Work to complete - The records below hold a stretch from the line with "18123 W DESERT" through the line with "Skitsnygg jacka från"; return exactly those lines, ends included, and nothing more.

Information provided -
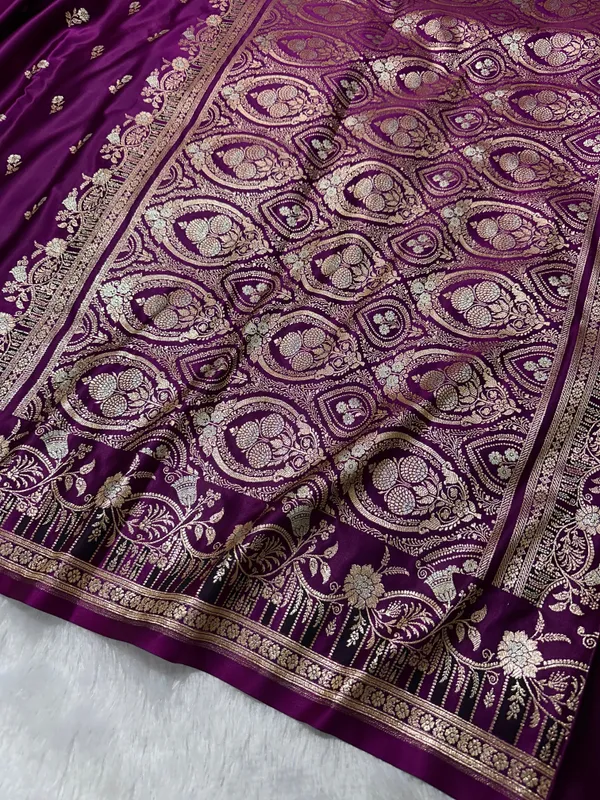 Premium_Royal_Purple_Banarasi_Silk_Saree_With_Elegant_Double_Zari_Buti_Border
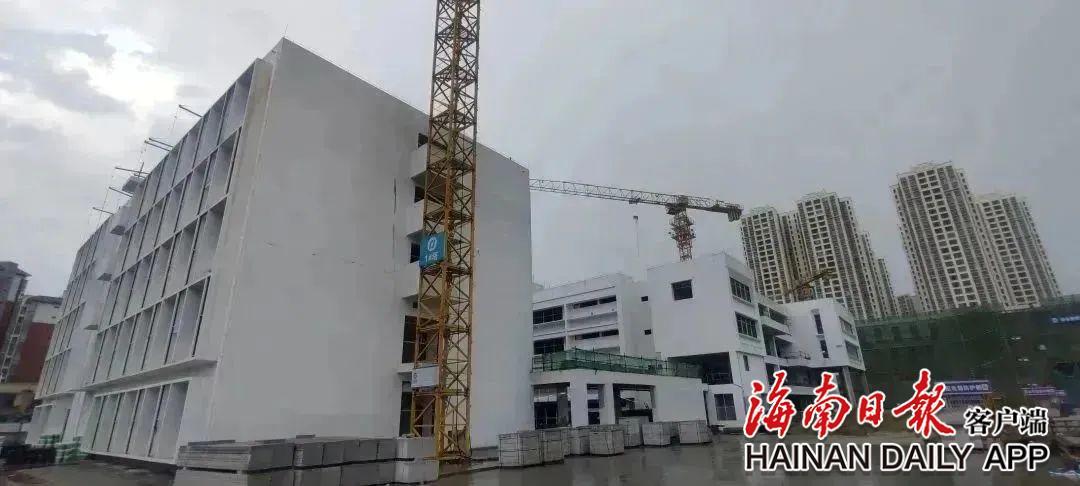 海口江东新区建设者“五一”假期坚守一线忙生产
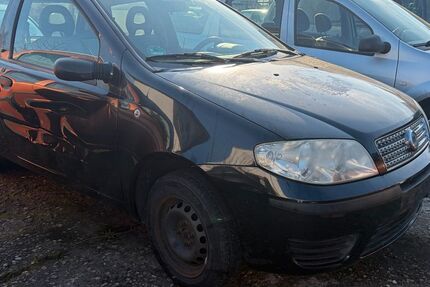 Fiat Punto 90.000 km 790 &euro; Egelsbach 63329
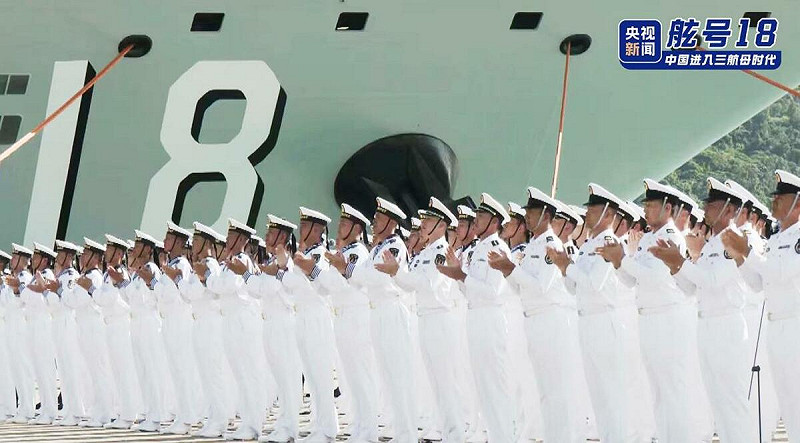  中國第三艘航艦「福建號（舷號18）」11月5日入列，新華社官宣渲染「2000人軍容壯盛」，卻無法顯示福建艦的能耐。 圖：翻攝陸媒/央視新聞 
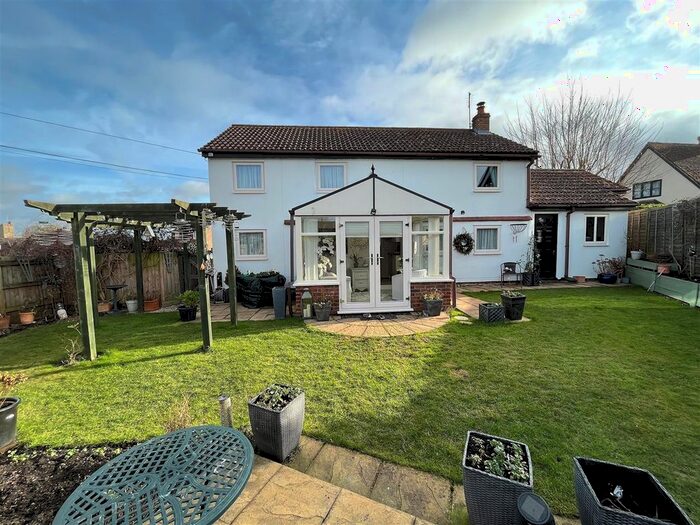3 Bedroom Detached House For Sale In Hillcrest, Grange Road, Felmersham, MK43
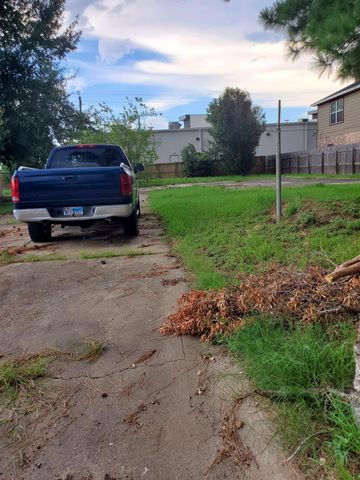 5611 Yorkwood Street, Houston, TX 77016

---

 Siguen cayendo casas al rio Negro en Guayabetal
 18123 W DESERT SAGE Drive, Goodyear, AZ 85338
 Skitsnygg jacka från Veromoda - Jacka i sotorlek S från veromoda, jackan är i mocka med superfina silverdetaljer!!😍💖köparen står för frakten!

Your response -
 18123 W DESERT SAGE Drive, Goodyear, AZ 85338
 Skitsnygg jacka från Veromoda - Jacka i sotorlek S från veromoda, jackan är i mocka med superfina silverdetaljer!!😍💖köparen står för frakten!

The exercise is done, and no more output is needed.